1. Internal communication: I’ll often just start a doc as I’m running experiments, and then add info about the experimental results as they come in (e.g. various plots/stats, and my observations/takeaways about the results — see this example of research log I’ve kept in the past). It’s helpful to keep a record for myself, for discussing in weekly meetings, and for pointing others to. Depending on how detailed your experimental log is, you might want to make a more cleaned up version for others’ consumption (e.g., weekly meetings). Probably fine to not spend too much time on this (and just spend time as a function of the number and amount of context that people reading it will have)
2. External communication: Usually writing a paper for arXiv — this takes usually 2-4+ weeks (and on the longer end if it’s your first time), not just strictly because of the writing itself, but because you’ll need to run more experiments to really clarify your results (e.g., maybe you have the main results, but you’ll realize that there are some missing experiments to really know what’s going on or make the point you’re trying to make clearly, and then you’ll need to run those).
3. Writing Tips: See https://ethanperez.net/easy-paper-writing-tips/ for good ML paper writing tips. Main text includes mostly style/clarity tips, with links to more substantial recommendations for Computer Science paper writing at the bottom. I’d recommend it for anyone writing papers to a machine learning audience, and require it for any paper where I’m the main supervisor. If you want examples of papers that follow these guidelines (and general good style for ML-accessible papers), you can read any of my most recent first-author papers (where I try to incorporate all of the things I’ve learned about writing ML papers, in particular my paper on red teaming language models with language models)

Work Habits

Hard work pays off a lot: The kind of very empirical/experimental work that is typical of alignment work on large language models just benefits a lot from running as many experiments as you can, tinkering a lot, and trying lots of stuff (more so than being smart or knowledgeable in a lot of cases).

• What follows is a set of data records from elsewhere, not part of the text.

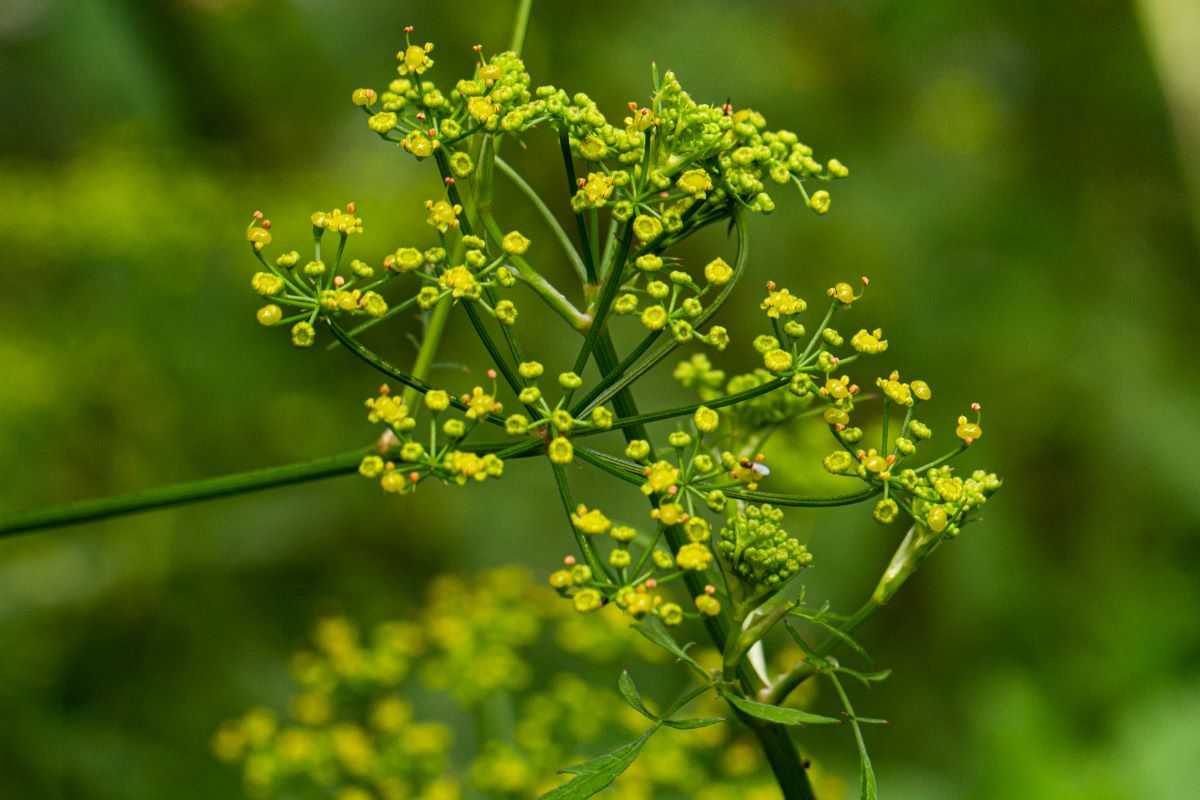 Lefebvrea grantii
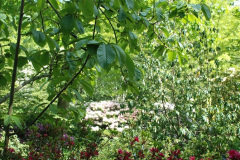 178.2019-05-15-RHS-Wisley.-130-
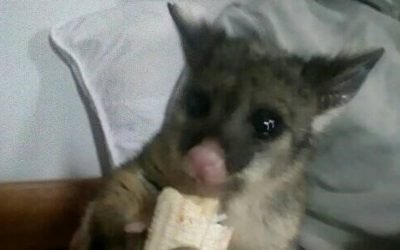 Skateboard surfing, baby 'pet possum' goes missing in Hamilton
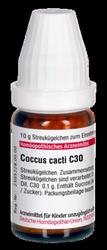 Produktbild von COCCUS cacti C 30 Globuli 10 g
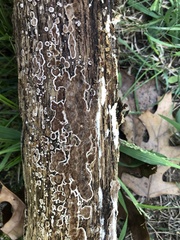 Peniophora albobadia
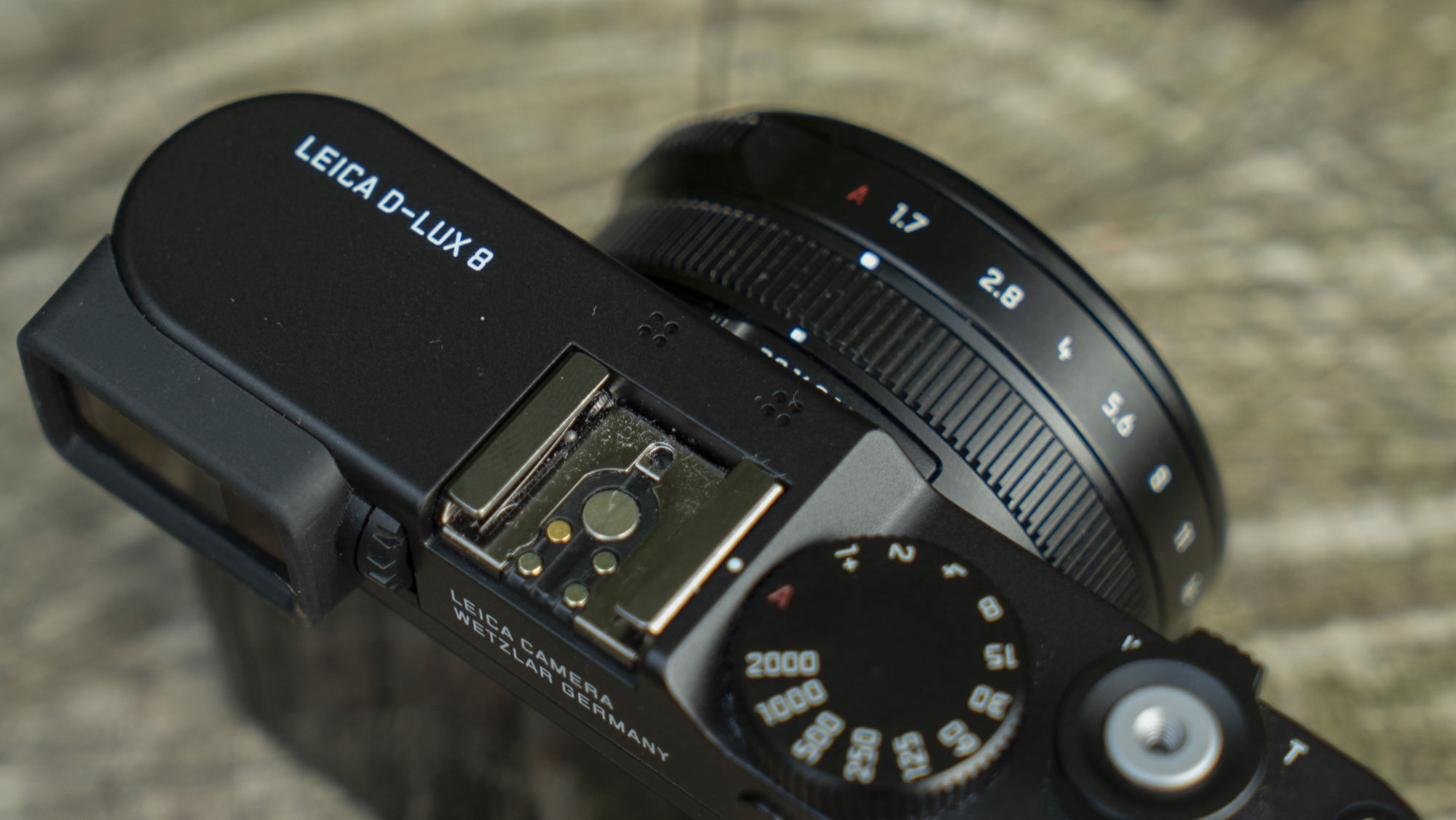 Image showing detail of the Leica D-Lux 8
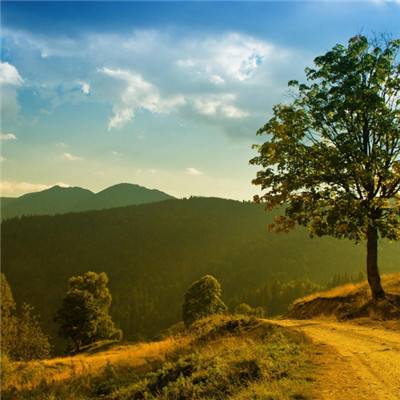 威尼斯欢乐娱人棋牌app下载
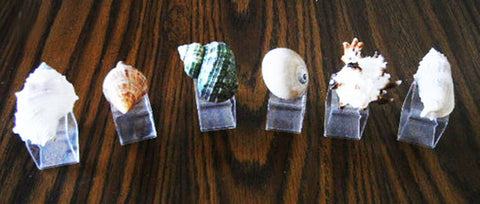 GORGEOUS AND UNIQUE VINTAGE SEA SHELL NAPKIN RINGS NAPKIN HOLDERS - SET OF 6 NAPKINS RINGS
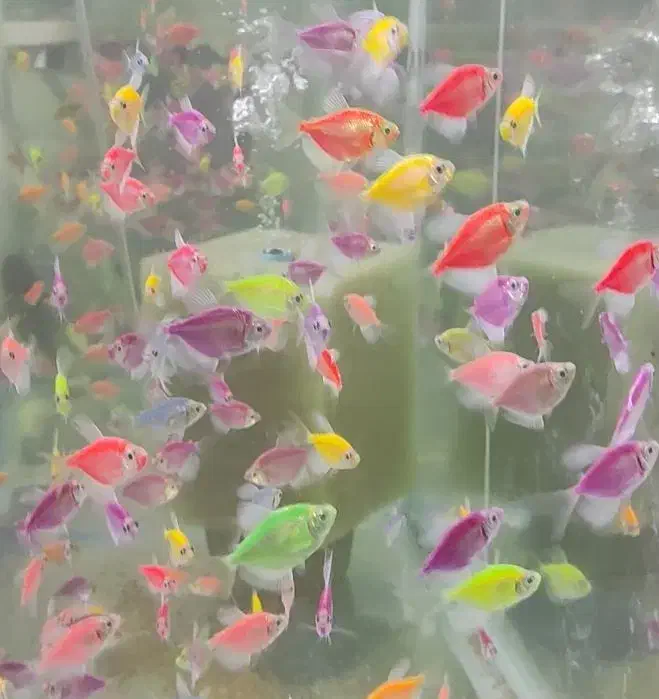 ماهی کالر وید|ماهی|کنگاور, |دیوار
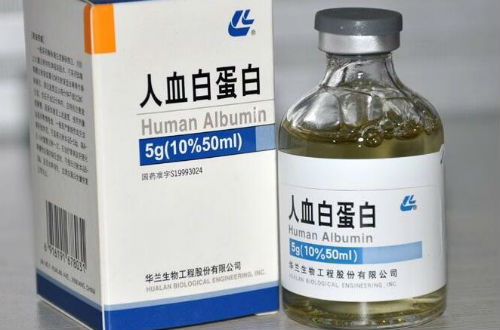 人血白蛋白的作用 主要有這3種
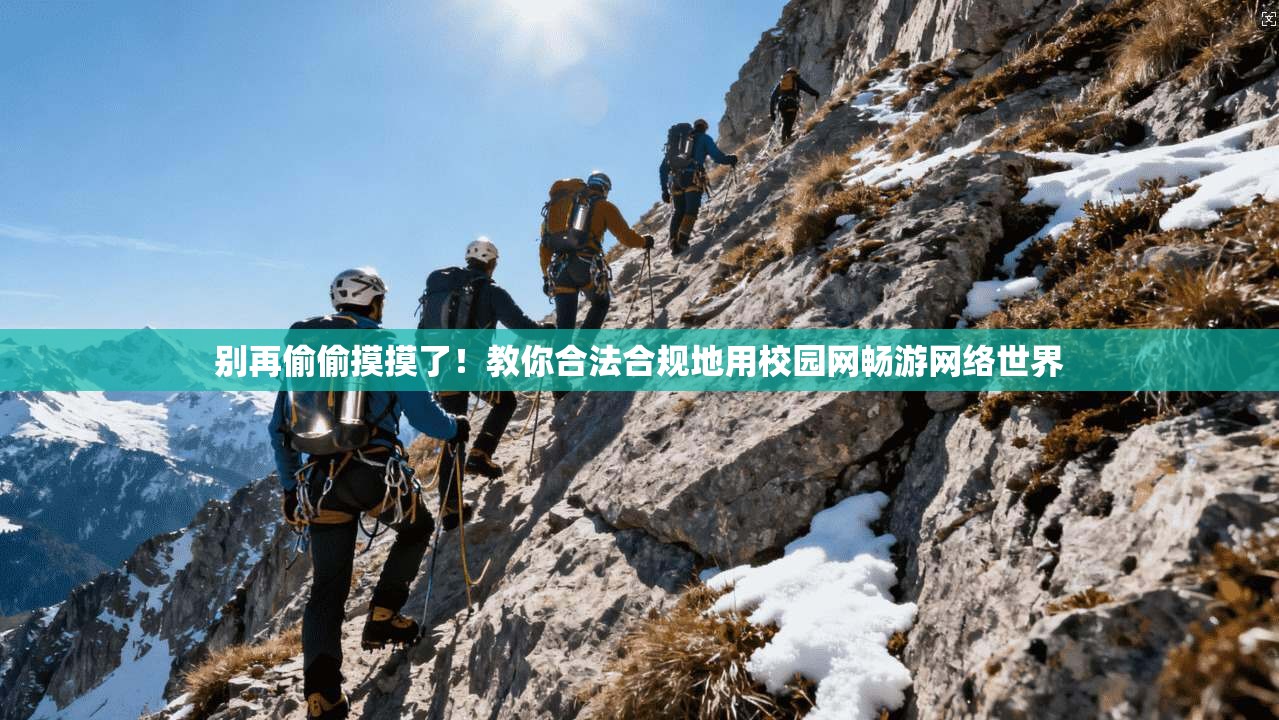 别再偷偷摸摸了！教你合法合规地用校园网畅游网络世界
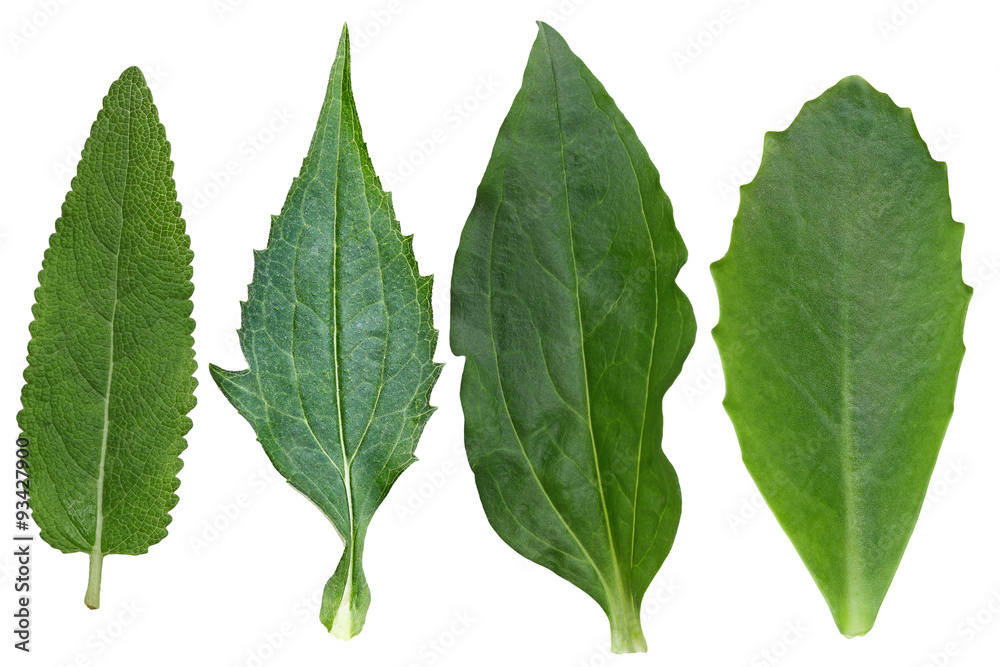 Leaf collection Leaf collection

Often, there are a lot of reasonable-sounding ideas to try, and it’s just actually unclear what will work, so you need to take a lot of shots on goal to find something that works (and e.g. the 5th or 20th thing on the list of things to try is the first one that works). As a bonus, you get a lot better at figuring out what experiments to run, picking the right experiment to run the first time, etc., so there’s a strong rich get richer effect here (which is especially important for junior researchers in getting momentum). Also, since more things work when you try more stuff, it’s easier to stay motivated (since you minimize the amount of time that nothing’s working). It also goes without saying that what matters is the number of productive hours you’re spending (often in empirical research, basically how much time you’re spending coding and running experiments), rather than the absolute number of hours, and it’s often easier to optimize how productive your hours are over increasing the amount of time you’re working.
Work sustainably: That said, it’s also really, really important to make sure you’re working sustainably, and this is a particular luxury of doing research as opposed to e.g. product/engineering (no immediate deadlines). Lots of researchers burn out by working in unsustainable ways (also since the object-level work can be hard and goals ill-defined), or by developing an aversion to what they do, and it’s really good to avoid this (also, burn out just sucks). I (and I think other researchers) often build up towards working more hours over the course of months or years (only increasing hours when it feels comfortable and great to do so)

Taking health seriously

COVID and flu:

Get your COVID/flu shots: One of the highest ROI interventions many people don't do. There's nothing worse than getting sick right before a paper deadline or getting your whole group of collaborators sick.
Rest aggressively if you're sick, especially with COVID: Long COVID can potentially take you out for months or indefinitely, and exerting one's self too early in recovery (physically or mentally) is one of the main risk factors for long COVID. So if you have COVID, you should be resting very aggressively. It can be very tempting to be checking on or running experiments while you're sick, but it's really not worth the risk of extending your sickness and also long-term health effects. Most people I work with don't rest enough while sick.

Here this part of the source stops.